El concepto de obra en un artista puede volverse difuso. ¿A qué nos referimos cuando decimos que ha creado una obra? En general, es una idea que sobrevuela y se confunde con otra más mundana, menos profunda, más pedestre: la de carrera. La carrera supone una serie de hitos que se van eslabonando a lo largo del tiempo independientemente de los logros que cada uno de ellos implique. En el caso de un músico, puede estar marcado por la conjunción de presentaciones que los abrieron al conocimiento masivo, discos editados, giras más o menos maratónicas y cruces con otros músicos. La carrera implica tanto movimientos de continuidad como de ruptura: están allí, unos al lado del otro, con la pretensión de dar cuenta desde un músico desde cierta tangibilidad. La obra, sin embargo, es otra cosa. Se acerca a lo intangible, desecha las categorizaciones previas de lo importante, de la acumulación de grabaciones. Se vuelve un proceso constructivo continuo que sobrevive al artista, en tanto incita a la continua revisión y revalorización (¿cuántos artistas comenzaron a ser valorados de manera consecuente después de sus muertes -pienso en Vivian Maier y sus fotografías encontradas en una valija- o cuando ya se habían retirado de la escena pública –como el cantante Sixto Rodríguez-?)
El personaje, el músico Ricardo Vilca ya fue visitado en un documental estrenado hace unos años. En Vilca, la magia del silencio, Ulises de la Orden reconstruía su derrotero desde el anonimato jujeño al reconocimiento del que gozó en sus últimos años. Allí, la obra se entrecruzaba con la carrera y es por eso que, tal vez, el momento que lo resume es su participación en un show de Divididos (hay que recordar que ya en 2002 el grupo había grabado su Guanuqueando, canción con la que se cerraba el disco Vengo del placard de otro y donde el propio Vilca tocaba la guitarra como invitado). En ese cruce entre la canción elegida por otros como un símbolo y el show como trasvasamiento de géneros musicales se cifraba el recorrido de aquel documental. El de Javier García, en cambio, va por otros caminos. Elige, por cierto, a muchos de los entrevistados que participaron de aquel otro documental (sus dos parejas, sus hijos, los músicos que lo acompañaron, su amigo fotógrafo) pero pone a la obra musical en un plano relativo, como sustento que le sirve para construir al personaje con la conciencia de ir más allá de ello. Hay algunos momentos en los que aparece Vilca tocando su guitarra a lo largo del documental –especialmente en el comienzo y en el final, en lo que parece funcionar como un marco del relato- pero no se revelan como los más importantes ni los más significativos. Lo que tiene mayor peso son las palabras. Y es allí que familiares y músicos parecen componerse como mundos antagónicos. Una imposibilidad subyace en Vilca para unir esos dos elementos entre los que parece estar obligado a fluctuar (el laboral, puente entre los dos, termina asimilado incluso en su incursión docente, con lo musical).

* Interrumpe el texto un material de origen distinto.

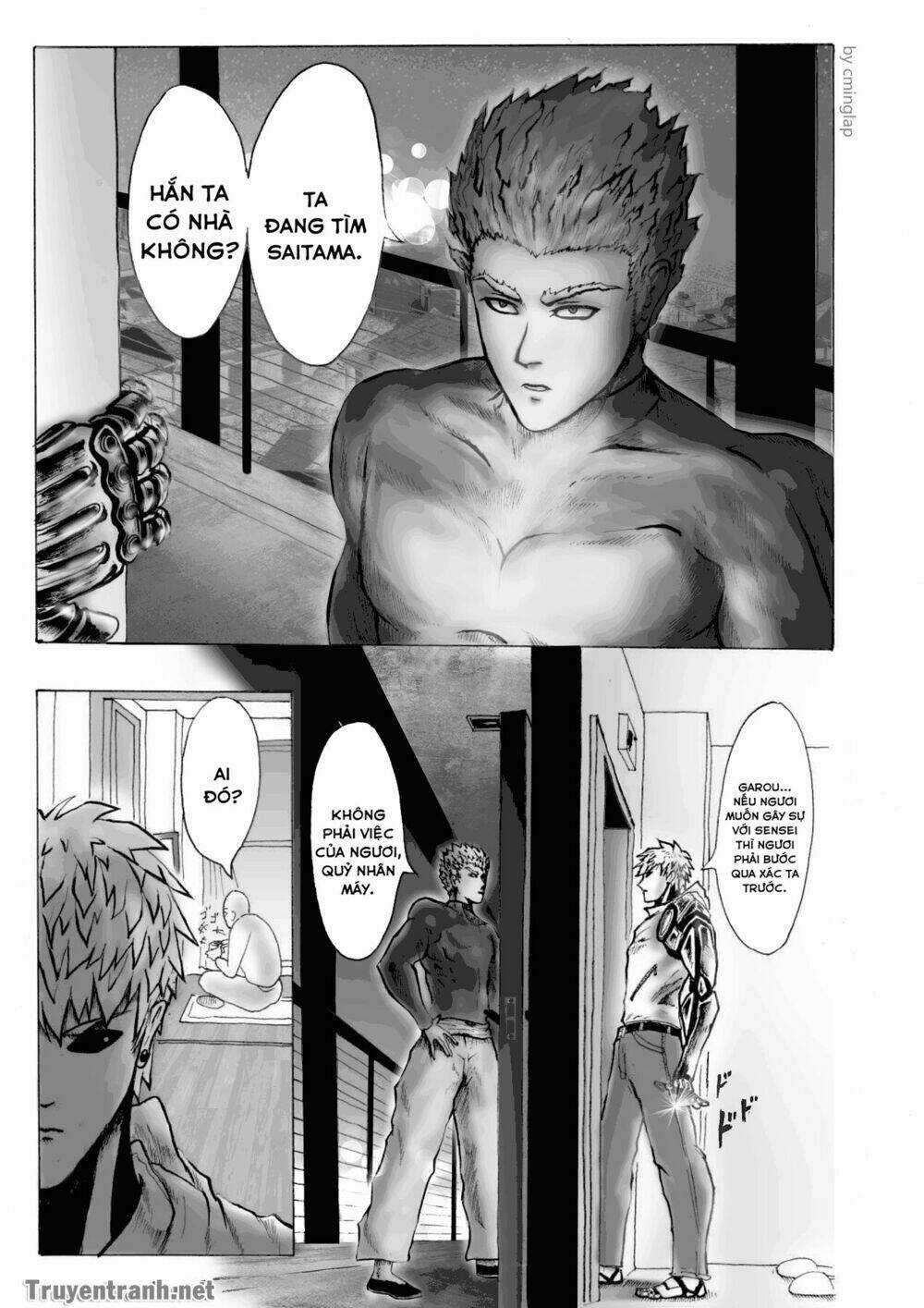 Anh Hùng Onepunch Fanmade Chapter 2 trang 6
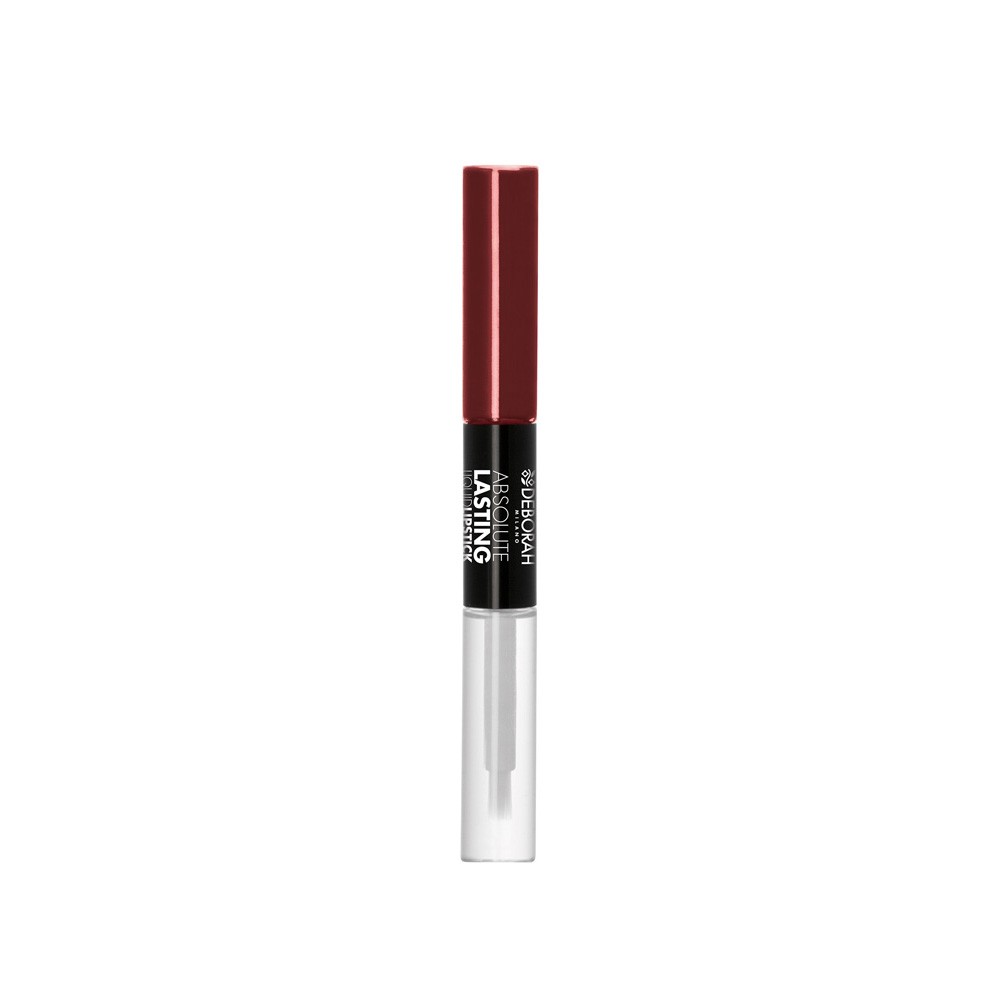 Deborah Absolute Lasting Liquid Lipstick - 18 Plum 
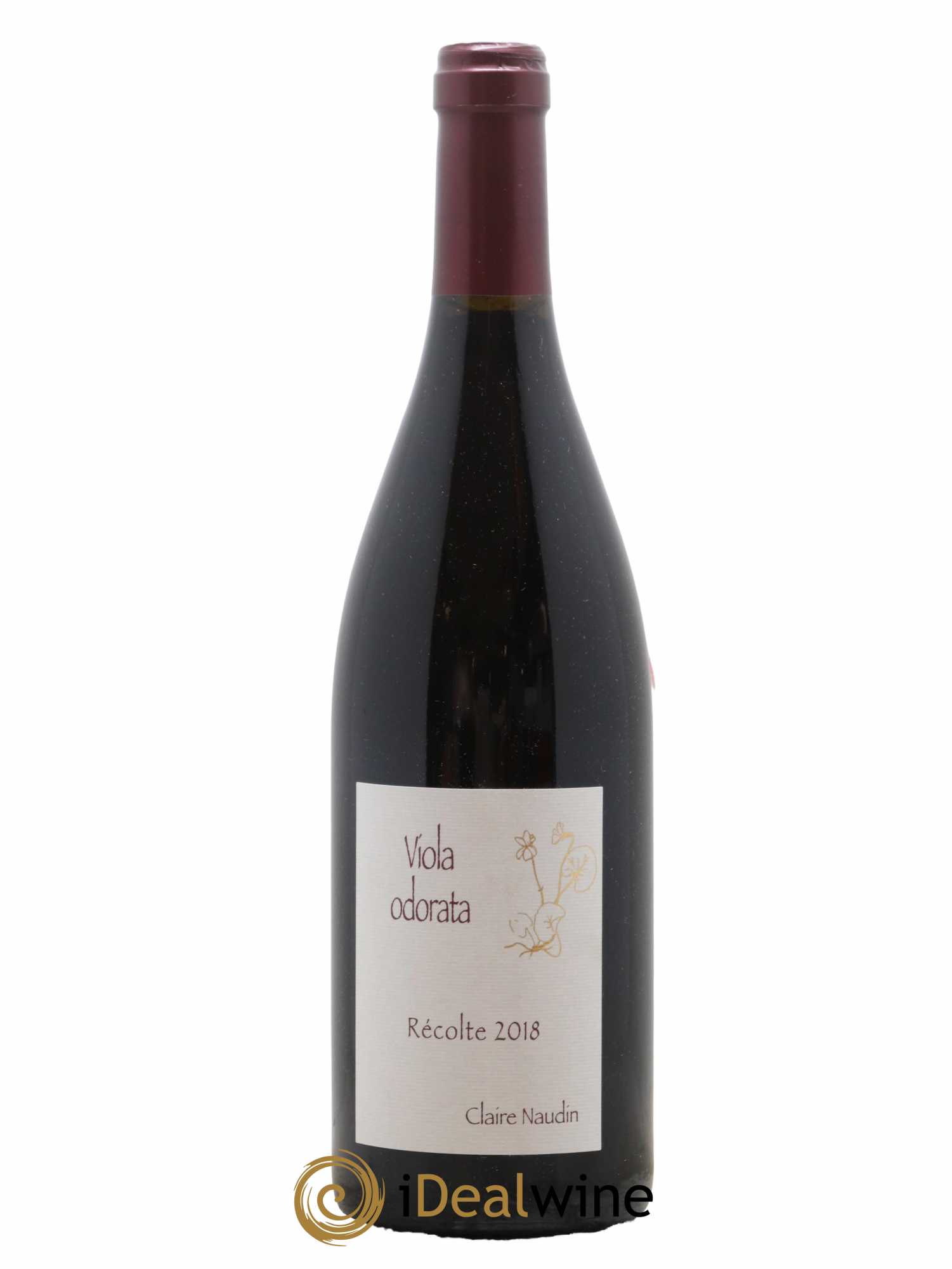 Côte de Nuits-Villages Viola Odorata Naudin-Ferrand (Domaine) 2018 - Lot de 1 bouteille - 0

El recuerdo desde ambos lugares coincide: Vilca encontraba en la música todo lo que necesitaba. Ese mundo era el único que podía sostener al otro, escudado entre la ciudad (el primer matrimonio y los hijos de esa unión, la consagración musical) y la puna (la segunda mujer, los hijos más jóvenes y la tranquilidad para componer), pero como no pudiendo corresponderse con ninguno de ellos. La oposición que el documental traza en algún momento, focalizada en el relato de las dos mujeres, no solo habla de dos Vilca diferentes, sino que parece que el único hilo conductor entre ambos fuera la música.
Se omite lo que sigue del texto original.